:: Collected material ::
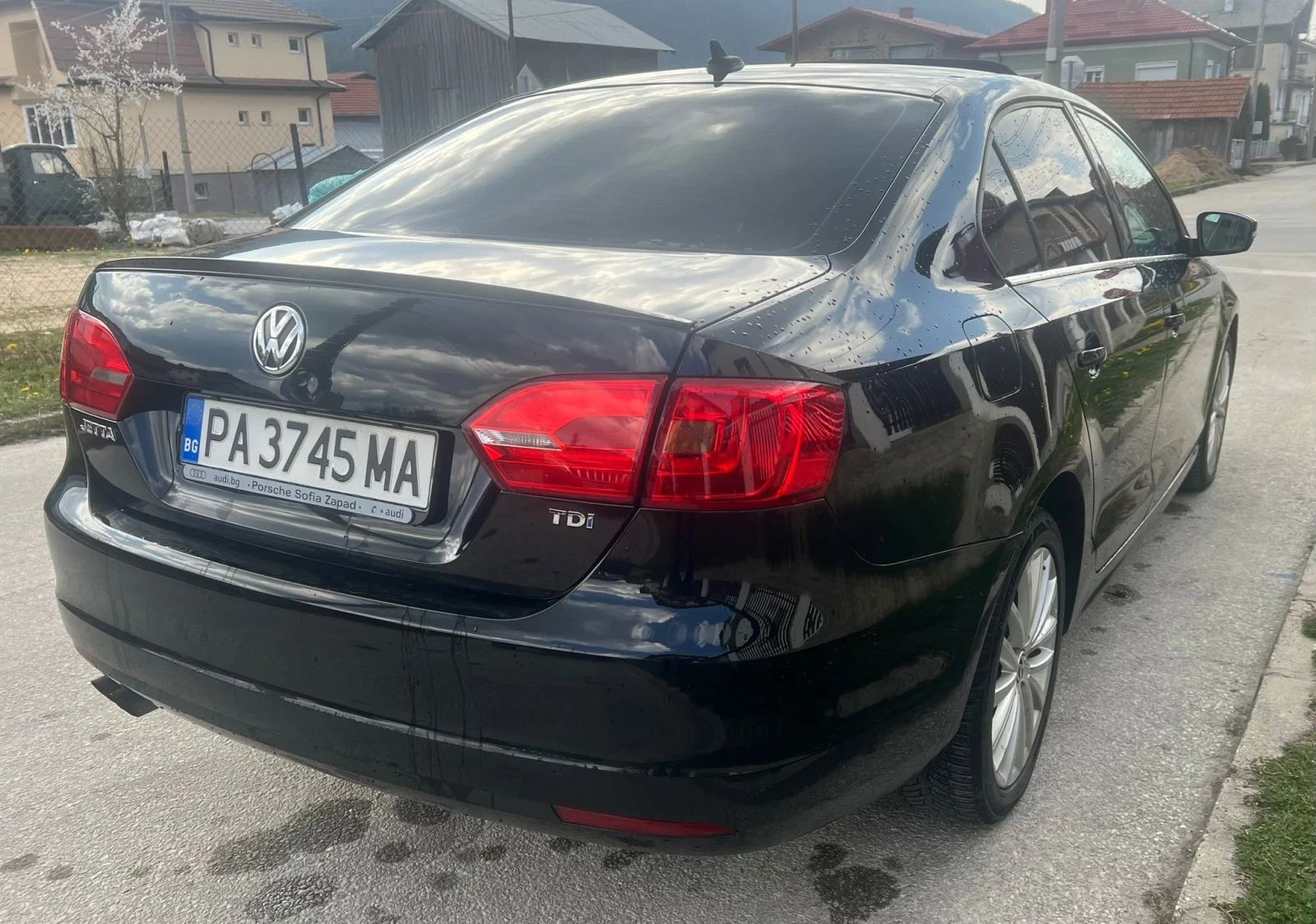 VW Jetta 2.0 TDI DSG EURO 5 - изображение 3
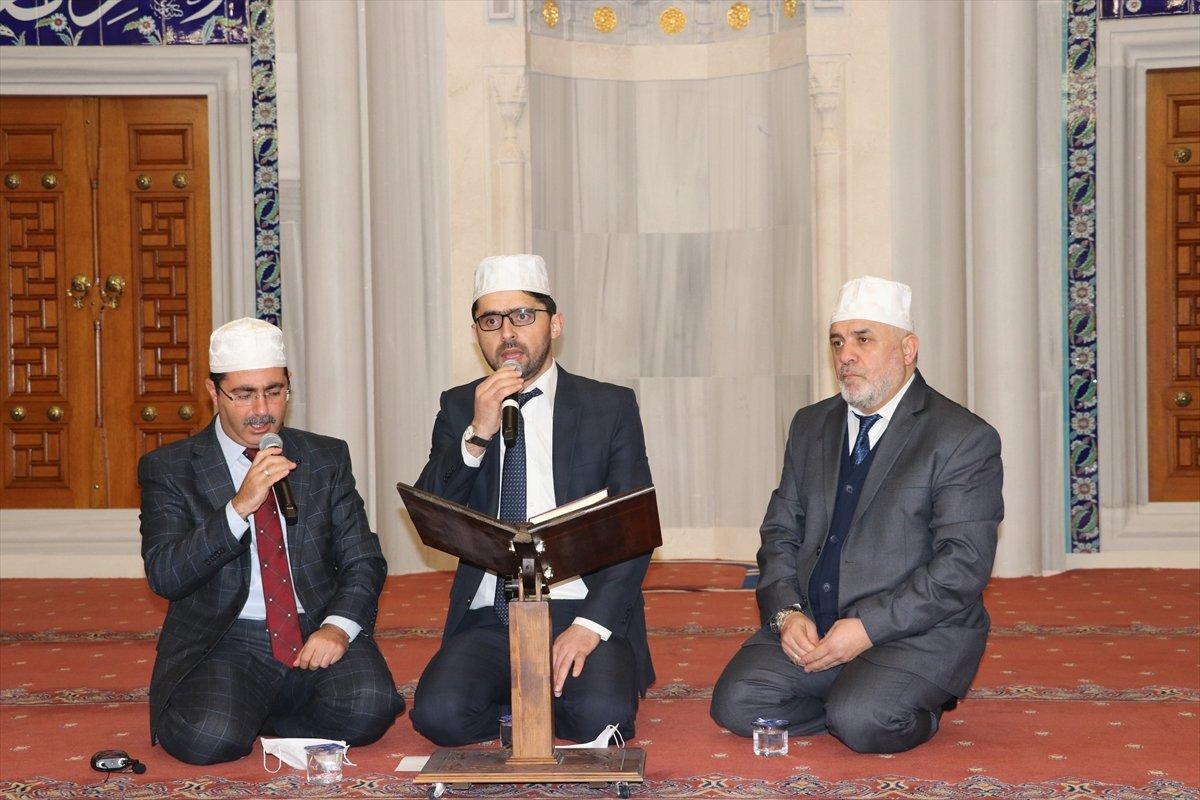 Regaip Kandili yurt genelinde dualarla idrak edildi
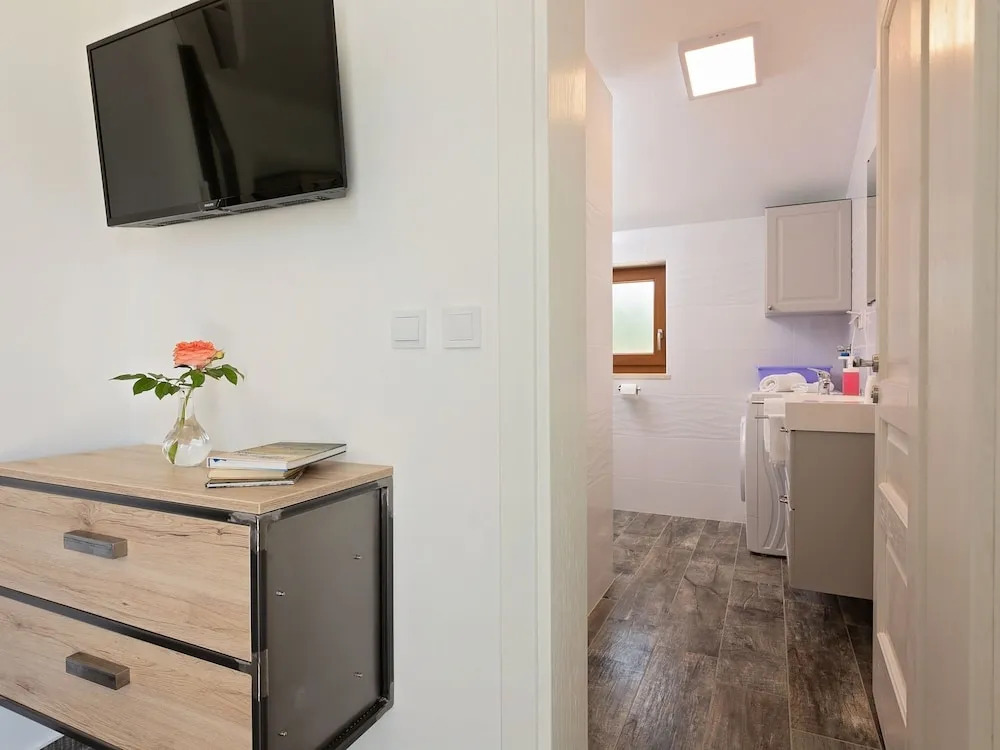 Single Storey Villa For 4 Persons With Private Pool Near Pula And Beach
:::
> [Problem statement]: Set down all of the material above exactly as written, leaving the pictures out.

> [Reply to the exercise]:
 VW Jetta 2.0 TDI DSG EURO 5 - изображение 3
 Regaip Kandili yurt genelinde dualarla idrak edildi
 Single Storey Villa For 4 Persons With Private Pool Near Pula And Beach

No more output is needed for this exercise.